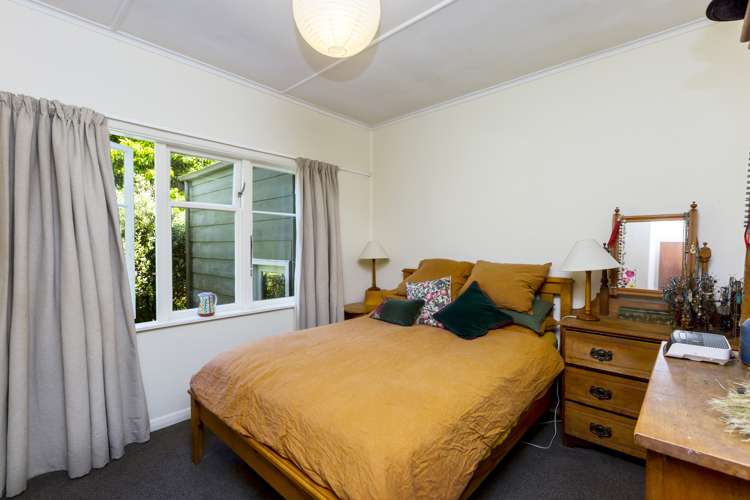 3 Wyndham Road Pinehaven_14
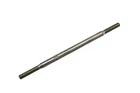 New Oem Polaris 5020473 Tie Rod 1987-1988 Trail Boss 2X4 Qty Nos. Price: $14.98.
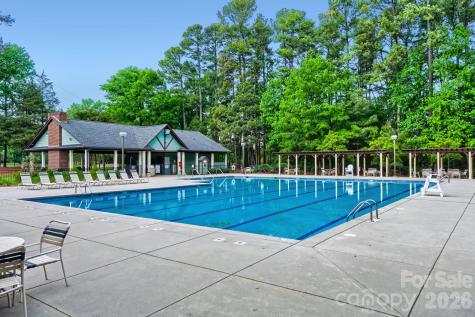 6408 Fillian Lane Charlotte NC 28269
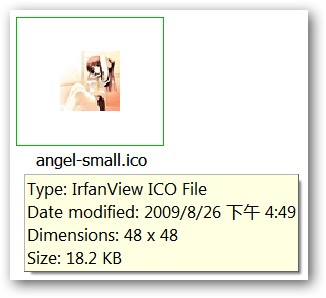 create-icons-the-easy-way-with-simplyicon-3.jpg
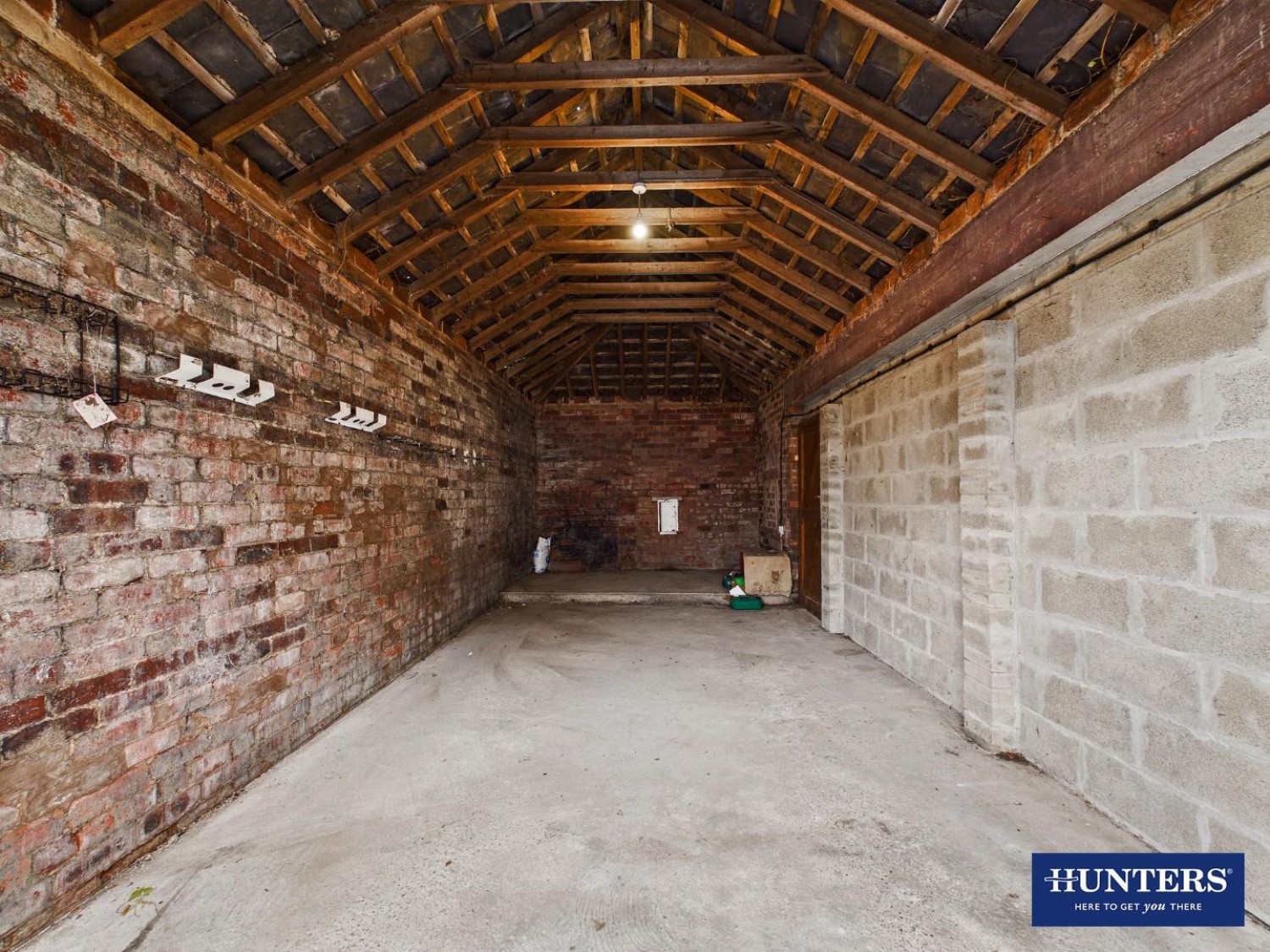 The Old School, Newton Arlosh, Wigton, CA7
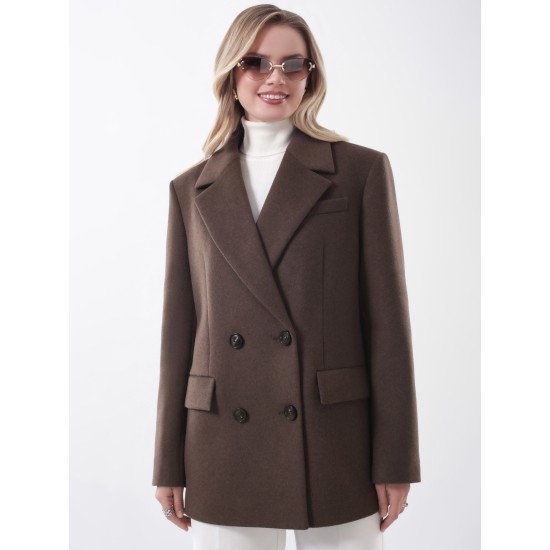 Пальто AVALON  3153ПД XW8 12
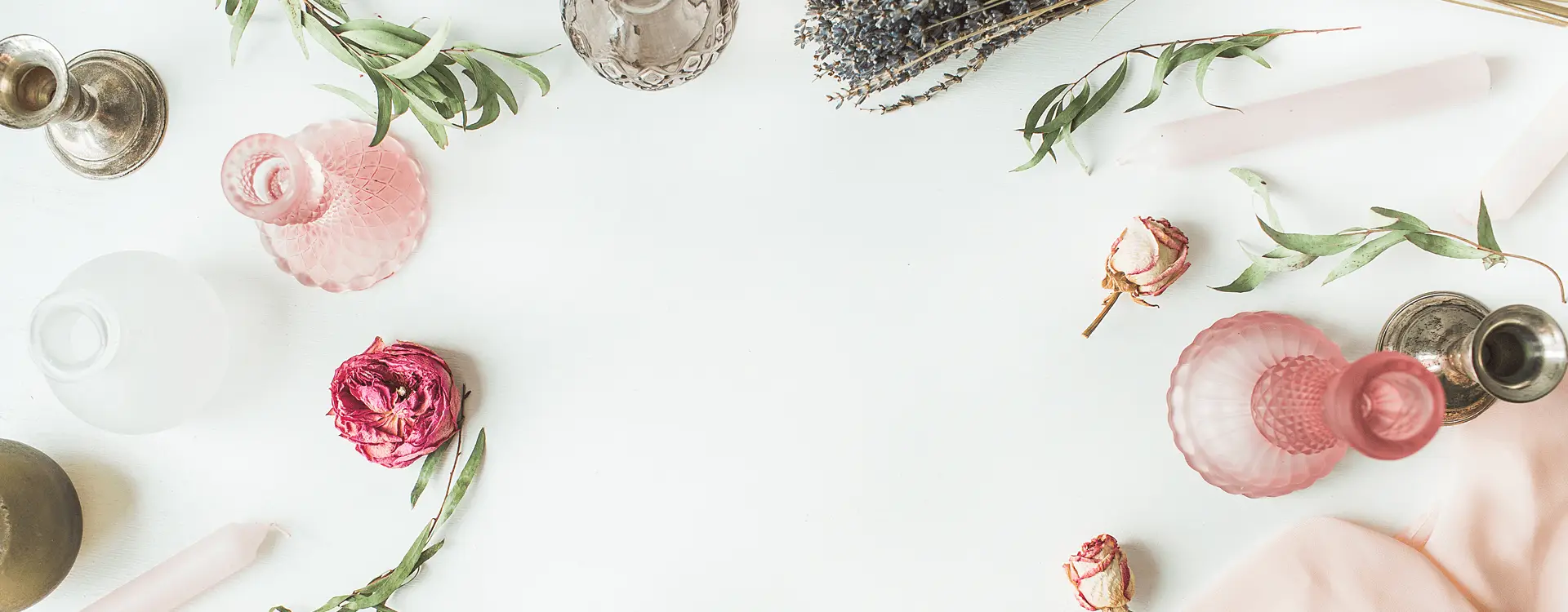 cyprus handmade products organic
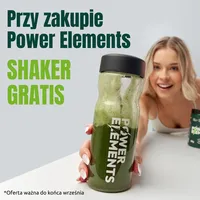 Power Elements 420 g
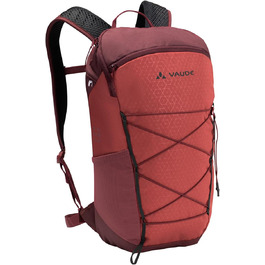 Унісекс рюкзак VAUDE Agile 14 літрів для спорту та туризму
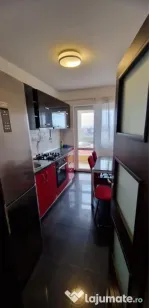 350euro!!!Modern!Apartament 2 camere decomandat,zona Nicolin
****************************************
WORK INSTRUCTION: Write out exactly the lines from the one that contains "cyprus handmade products organic" through the last line of the data above, both included. Leave every picture out.

ANSWER TO THIS PROBLEM:
 cyprus handmade products organic
 Power Elements 420 g
 Унісекс рюкзак VAUDE Agile 14 літрів для спорту та туризму
 350euro!!!Modern!Apartament 2 camere decomandat,zona Nicolin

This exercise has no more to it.